Die Themen umfassen die Definition wissenschaftlicher Texte, die Bewertung von Quellen, den Umgang mit Plagiaten sowie die Abgrenzung zu anderen Textgattungen.

Was ist das primäre Ziel oder die Forschungsfrage?

Das Ziel ist es, Kriterien für die Erstellung und Beurteilung wissenschaftlicher Arbeiten zu definieren, um eine fundierte und saubere Arbeitsweise zu gewährleisten.

Welche wissenschaftliche Methode wird verwendet?

Die Autorin stützt sich auf Literaturanalysen (u.a. Eco, Peterßen), eigene Erfahrungen aus dem Studium sowie die Beantwortung fachspezifischer Fragestellungen aus der Praxis.

Was wird im Hauptteil behandelt?

Der Hauptteil erörtert die vier Kriterien nach Eco, die drei Ansprüche nach Peterßen sowie praktische Leitfäden zur Quellenbewertung und Plagiatsvermeidung.

Welche Schlüsselwörter charakterisieren die Arbeit?

Wissenschaftliches Arbeiten, Quellenbewertung, Plagiat, Akademischer Standard, Transparenz und Fachliteratur.

Wie sollte man mit Internetquellen in einer wissenschaftlichen Arbeit umgehen?

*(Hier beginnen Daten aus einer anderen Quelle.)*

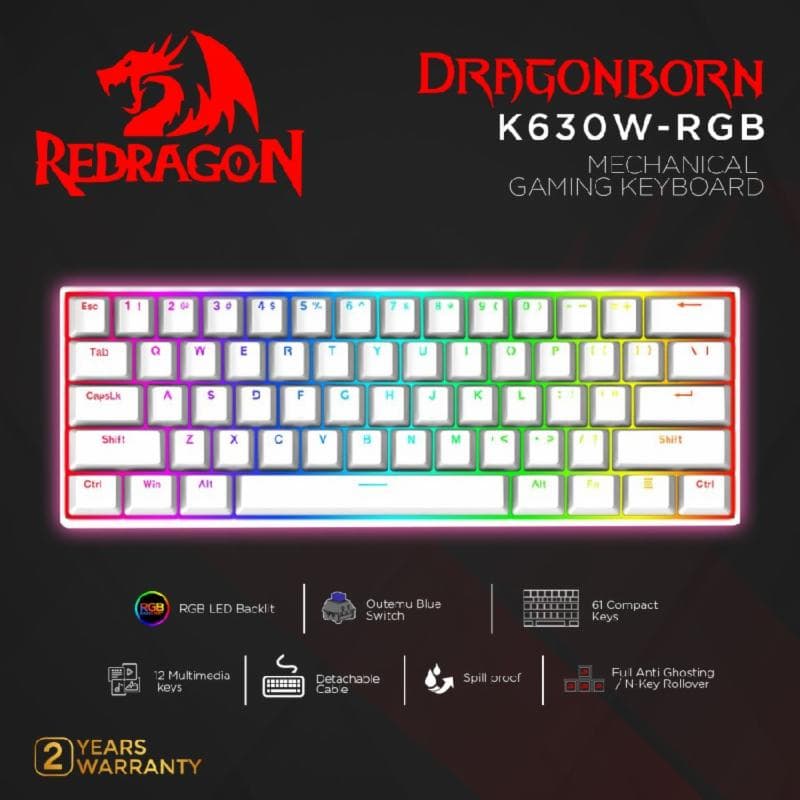 REDRAGON DRAGONBORN - K630W RGB (WHITE) RED SWITCH MECHANICAL GAMING KEYBOARD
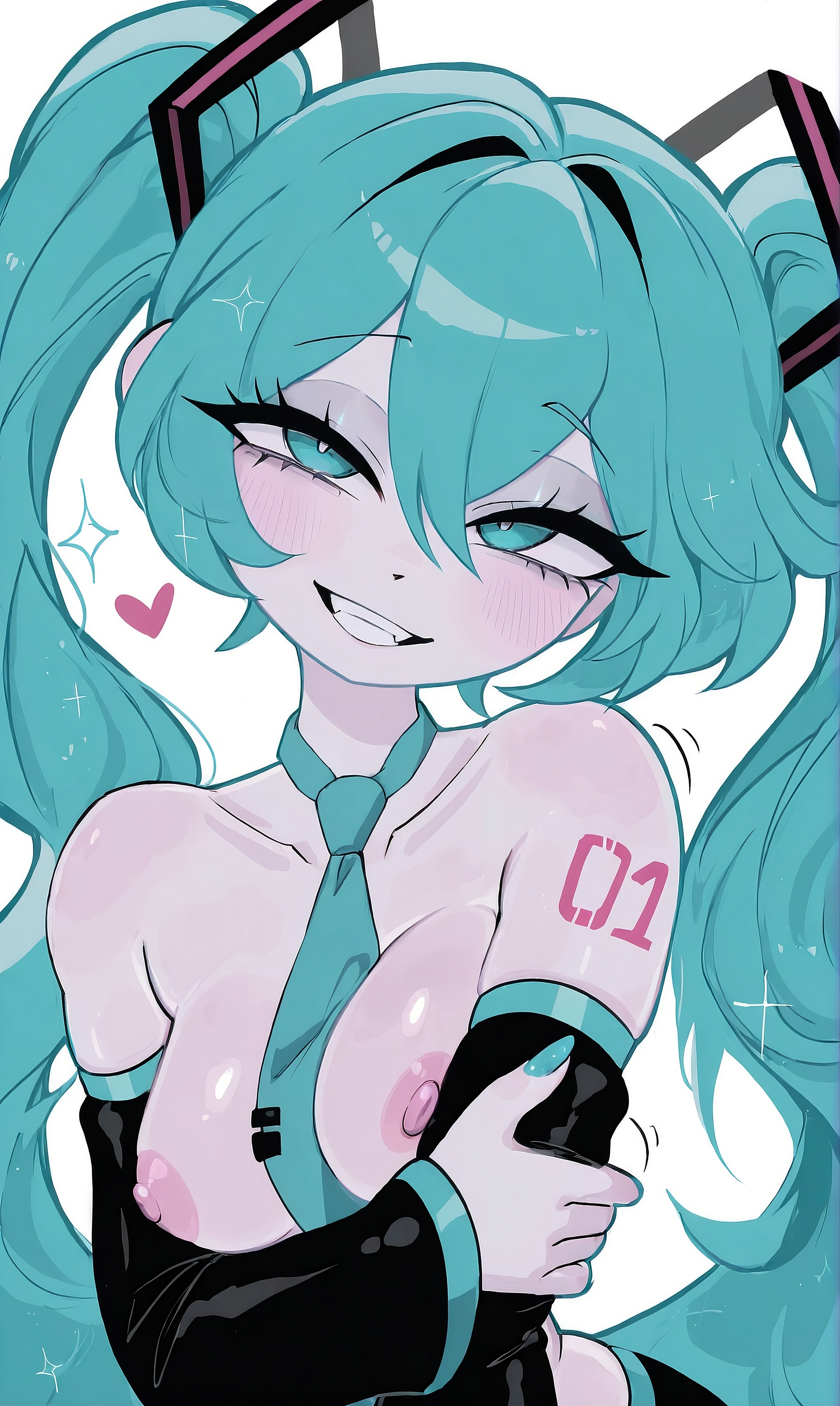 1girl, 1girls, ai, ai generated, ai-created, aqua eyes, aqua hair, aqua necktie, arm tattoo, bare shoulders, between breasts, black sleeves, blue eyes, blue fingernails, blue necktie, blush, breasts, breasts out, collarbone, crossed arms, detached sleeves, grabbing own arm, grin, hair between eyes, hair ornament, half-closed eyes, hatsune miku, head tilt, heart, hearts around head, long hair, looking at viewer, medium breasts, necktie, necktie between breasts, necktie only, nipples, seductive eyes, seductive look, seductive smile, shittyaistuff, simple background, skindentation, small breasts, smile, solo, sparkle, tattoo, teasing viewer, teeth, thick eyelashes, topless, twintails, upper body, very long hair, vocaloid, white background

Internetquellen sollten kritisch geprüft werden. Die Autorin empfiehlt, gedruckte Fachpublikationen zu bevorzugen und bei Web-Inhalten auf institutionelle Verankerung und wissenschaftliche Reputation zu achten.

Können technische Dokumentationen als wissenschaftliche Texte gelten?

Ja, sofern sie bestimmte wissenschaftlich-technische Standards erfüllen, wobei einfache Gebrauchsanweisungen eher von wissenschaftlichen Arbeiten abzugrenzen sind.

Was ist bei unbekannten Autoren oder Verlagen zu tun?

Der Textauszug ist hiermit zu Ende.